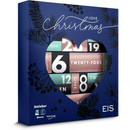EIS Deluxe adventskalender 2022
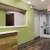 Budget-Friendly Monthly Rates - No Lease, No Commitment! 1 thumbnail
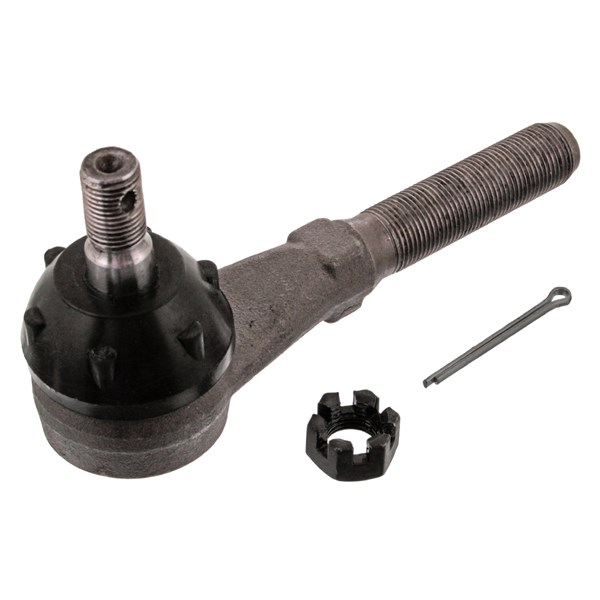 Styrled, Ytter, framaxel vänster, Förarsida Febi bilstein 41088 FEBI BILSTEIN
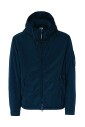 veste-elegante-pour-homme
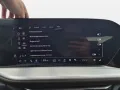 Audi Q5 TDI quattro 150 kW S tronic Matrix CarPlay Te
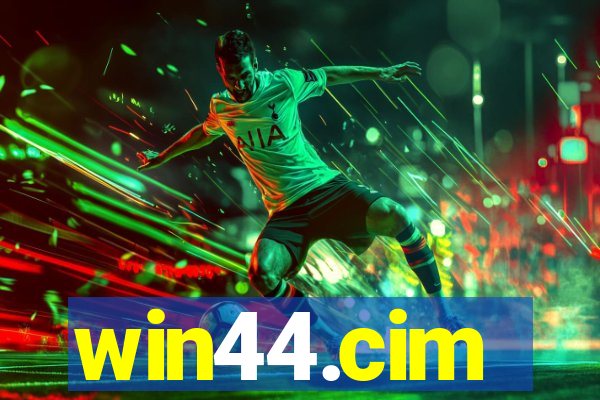 win44.cim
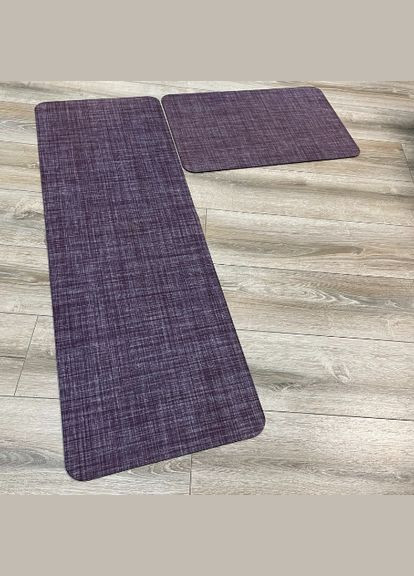 Набір килимків діатомітовий 𝐄𝐭𝐡𝐧𝐨 𝐁𝐀𝐖𝐎𝐖𝐍𝐀 для кухні/ванної No Brand 𝕊𝕥𝕪𝕝𝕖 𝕄𝕒𝕩ℂ𝕠𝕞𝕗𝕠𝕣𝕥 (334000586)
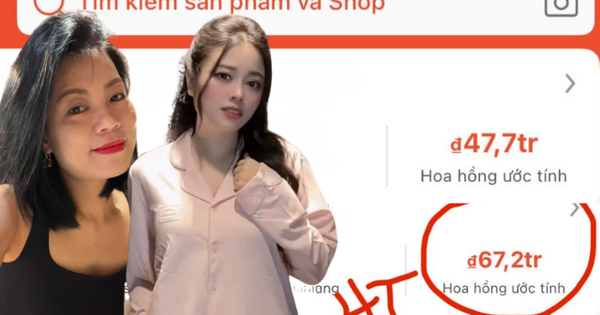 Hồng Nhung, Hằng Túi Kiếm Tiền Tỷ Từ Affiliate Marketing: Bí Quyết Đằng Sau Những Con Số Khủng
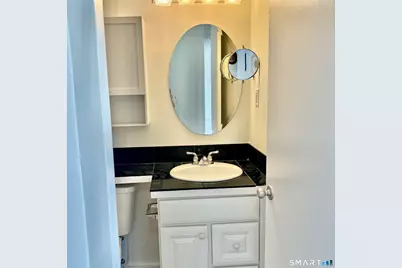 1 Gold Street #23G, Hartford, CT 06103 - Photo 15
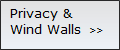 Privacy and wind walls Privacy and wind walls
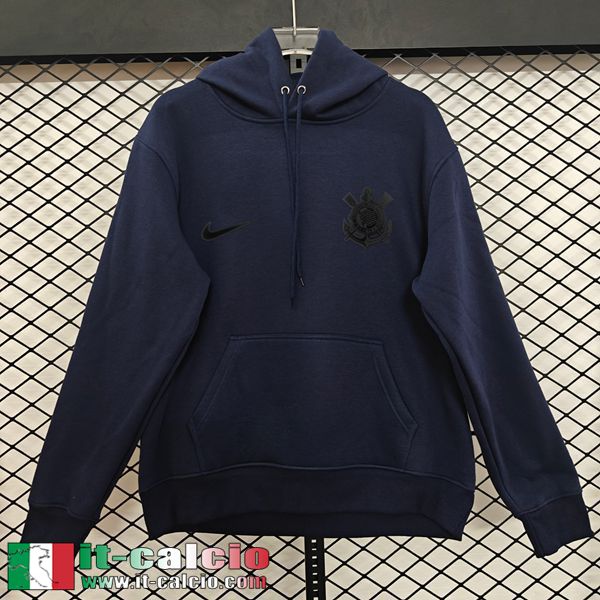 Felpa Sportswear Corinthians Uomo 25 26 B429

-*-*-

## [Task statement]
Return every entry from the listing above exactly as it stands, leaving out any picture.

## [Solution for this problem]
EIS Deluxe adventskalender 2022
 Budget-Friendly Monthly Rates - No Lease, No Commitment! 1 thumbnail
 Styrled, Ytter, framaxel vänster, Förarsida Febi bilstein 41088 FEBI BILSTEIN
 veste-elegante-pour-homme
 Audi Q5 TDI quattro 150 kW S tronic Matrix CarPlay Te
 win44.cim
 Набір килимків діатомітовий 𝐄𝐭𝐡𝐧𝐨 𝐁𝐀𝐖𝐎𝐖𝐍𝐀 для кухні/ванної No Brand 𝕊𝕥𝕪𝕝𝕖 𝕄𝕒𝕩ℂ𝕠𝕞𝕗𝕠𝕣𝕥 (334000586)
 Hồng Nhung, Hằng Túi Kiếm Tiền Tỷ Từ Affiliate Marketing: Bí Quyết Đằng Sau Những Con Số Khủng
 1 Gold Street #23G, Hartford, CT 06103 - Photo 15
 Privacy and wind walls Privacy and wind walls
 Felpa Sportswear Corinthians Uomo 25 26 B429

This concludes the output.